23/03/2009 - 08h05
Banco deve indenizar por assalto a cofre de aluguel
A Quarta Turma do Superior Tribunal de Justiça (STJ) manteve a decisão que condenou o Banco Citibank S/A ao pagamento de indenização por danos morais a clientes que tiveram seus pertences roubados de cofre mantido em sua agência.
Os ministros da Turma seguiram o
entendimento do relator, ministro João Otávio de Noronha, de que é de
responsabilidade da instituição financeira a subtração fraudulenta dos
conteúdos dos cofres que mantém sob sua guarda, independentemente da natureza
jurídica do contrato ajustado – se de mero depósito ou de locação ou de
contrato misto, formado pelos dois anteriores.
“Trata-se do risco profissional, segundo o qual deve o banco arcar com o ônus
de seu exercício profissional, de modo a responder pelos danos causados a
clientes e terceiros, pois são decorrentes da prática comercial
lucrativa.Assim, se a instituição financeira obtém lucros com a prática que
desenvolve, deve, de outra parte, assumir os riscos a ela inerentes”,
assinalou o relator.
No caso, os autores da ação locaram um dos cofres mantidos em uma agência do
Citibank para a guarda de objetos e valores.

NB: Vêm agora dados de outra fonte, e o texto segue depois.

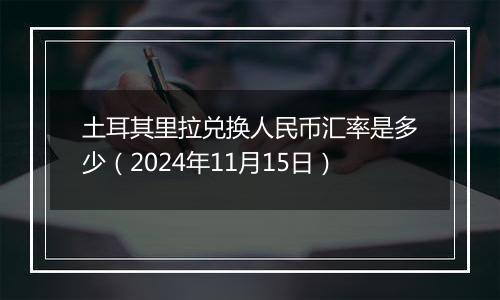 土耳其里拉兑换人民币汇率是多少（2024年11月15日）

Ocorreu que a agência foi
assaltada por meliantes e, após arrombarem grande parte dos cofres de aluguel,
entre eles o dos autores, levaram o que neles estava depositado.
Com base nisso, foi pedida indenização por danos morais e materiais. O
Tribunal de Justiça de Pernambuco afastou a indenização por danos morais ao
entendimento de que a ocorrência que levou ao abalo moral não poderia ser
atribuída a fato ocasionado pelo banco, mas por terceiros.

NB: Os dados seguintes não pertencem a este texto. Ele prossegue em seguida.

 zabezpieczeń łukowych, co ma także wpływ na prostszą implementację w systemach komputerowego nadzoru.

Quanto aos danos materiais, o Tribunal de Justiça reformou a sentença para
reduzir a indenização ao que efetivamente os autores lograram comprovar que
tinham depositado no cofre em questão.
Inconformado, o banco recorreu sustentando que não foi reconhecido que roubo
de cofre decorre de força maior, de modo que o banco não deve ser responsável
por nenhuma indenização. Alegou, ainda, que a excludente de responsabilidade
por ato de terceiro não seria aplicável ao caso, já que a responsabilidade por
roubo é inerente à natureza do contrato de locação de cofre.